L’attaque du 14 juillet 2016 sur la promenade des Anglais aurait-elle pu être évitée ? Cette question hante les victimes, mais aussi ceux qui ont eu à traiter le profil du tueur avant le drame. Parmi eux, Fabrice Karcenty, vice-procureur au tribunal de Nice de l’époque, s’est retrouvé au centre de ce vertige institutionnel. Dans un témoignage vidéo, le magistrat livre un récit brut de cette nuit tragique où il partage son expérience et aussi son point de vue sur le fait de savoir si le passage à l’acte de l’homme jugé quelques mois plus tôt était détectable.

Du chaos de la promenade aux premières constatations

La nuit du 14 juillet 2016 a complètement bouleversé le quotidien des niçois. Présent sur les lieux du crime, Fabrice Karcenty est rapidement passé de témoin clé en représentant de la loi devant intervenir en urgence. Après avoir entendu les brusques détonations violentes, il s’éloigne d’abord de l’artère principale pour se mettre à l’abri. Dans le doute, il comprend vite la gravité de la situation, sans pour autant connaître l’exactitude des faits.
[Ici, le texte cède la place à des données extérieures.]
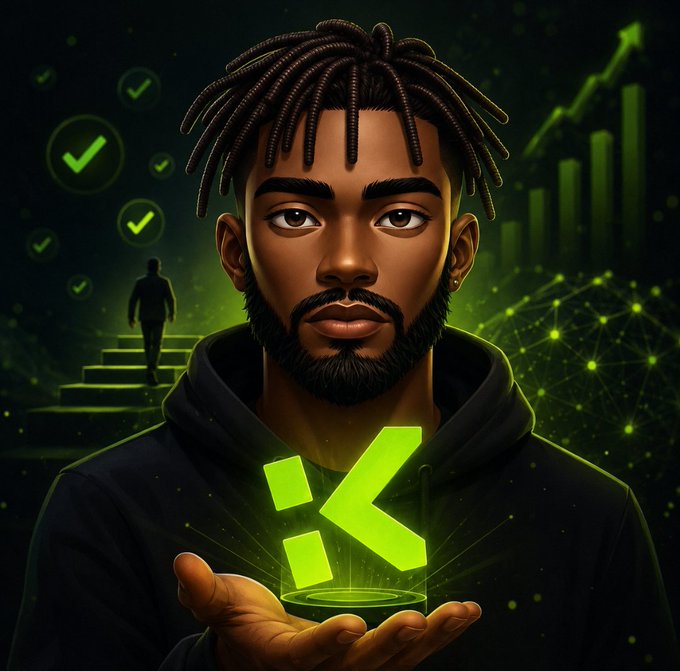 Digital illustration of a man with dreadlocks holding a glowing green 'K' like a logo, with a bar chart and checkmarks in the background; the letter K appears to represent the Kalshi logo.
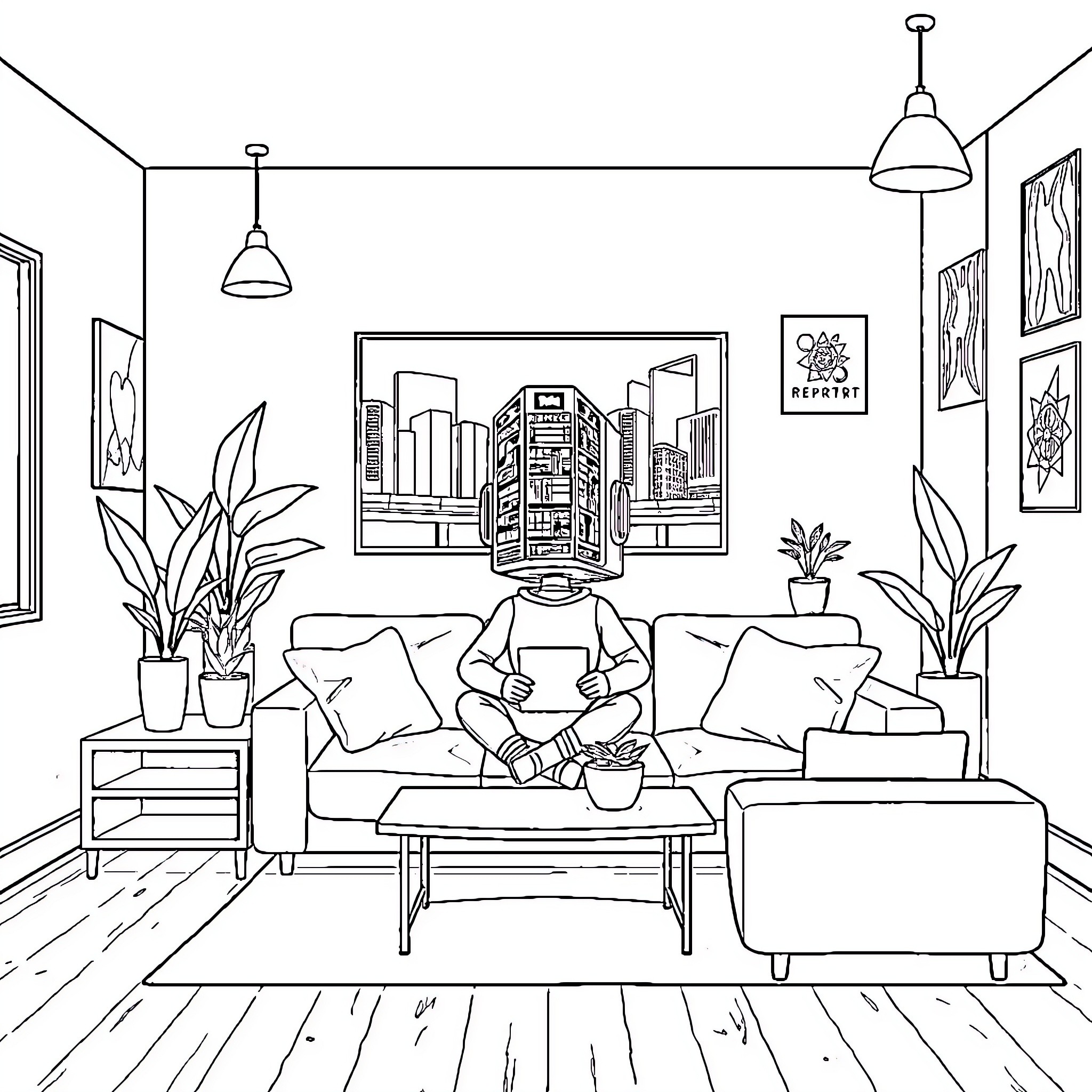Cartoon Character relaxing in cozy living room Coloring Page (free black-and-white line drawing printable PDF for all, from beginners to advanced learners, including children, teens, adults, and seniors)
L’horreur hante l’esprit du magistrat, qui voit alors derrière le camion immobilisé des dizaines de corps qui gisent sur le bitume, au milieu des cris et de la panique. Il espère apercevoir des blessés, plutôt que des cadavres. Même en état de choc, l’homme de loi doit toutefois reprendre ses esprits et se précipiter pour mettre à profit ses compétences en tant que magistrat, même sans aucune expérience dans de telles situations.

Rapidement, les forces de l’ordre se déploient pour identifier le conducteur du poids lourd. Un seul homme est à bord du véhicule. Dans la cabine, les policiers découvrent des affaires personnelles et un titre de séjour abandonné. L’identité du conducteur apparaît ensuite sur les écrans en temps réel, leur permettant ainsi de croiser les renseignements avec les fichiers judiciaires.

Dans l’illusion de l’anticipation

Dans son témoignage vidéo, Fabrice Karcenty avoue avoir eu une impression de déjà vu en découvrant le nom de l’assaillant. La vérification de l’identité du conducteur confirme par la suite son intuition, lui permettant de se plonger dans ses souvenirs récents. En effet, cet homme était déjà passé dans sa juridiction en mars 2016 pour une simple affaire d’altercation sur la voie publique.

D’après le magistrat, sa première rencontre avec l’auteur de ces crimes atroces avait déjà eu lieu. Au tribunal, il lui avait déjà notifié des infractions. Pour plaider sa défense, l’homme avait expliqué avoir “vu rouge” et “disjoncté” en raison de la pression de son travail de livreur. Calme, il se présentait comme un père de famille ordinaire confronté à des difficultés personnelles, avec un casier vierge, en dépit d’antécédents de violences conjugales.

Pour l’homme de loi, aucun élément n’a éveillé le doute sur son basculement total vers le djihadisme ou une radicalisation clandestine. Face à ce constat, il s’est questionné sur les indices ou les signes qui auraient pu l’interpeller à l’occasion de ce défèrement et qui auraient permis d’éviter le drame.

Faire de l’épreuve un apport méthodologique pour la justice

Lors de la soirée de l’attaque sur la promenade des Anglais, les équipes du ministère public se sont mobilisées sur le terrain pour diriger les investigations et identifier les victimes. La charge de travail a été colossale et les magistrats locaux se sont plongés dans l’urgence opérationnelle. Pour Fabrice Karcenty, cette expérience montre avant tout que le risque de vivre un nouvel incident majeur est bien réel.

Selon lui, la menace sécuritaire demeure une réalité permanente. La nuit du 14 juillet n’est qu’un exemple concret qui a pourtant marqué l’ensemble des acteurs de la chaîne pénale. Policiers, secouristes et magistrats ont dû improviser des choix cruciaux sans mode d’emploi en quelques minutes.

Aujourd’hui, Fabrice Karcenty transforme cette expérience en un apport méthodologique pour l’institution judiciaire. Il intervient publiquement et lors de travaux universitaires afin de partager son expérience et sa vision du système. Son but est de réfléchir au cadre juridique des primo-intervenants et à l’évaluation des risques face à des profils invisibles pour les services de renseignement.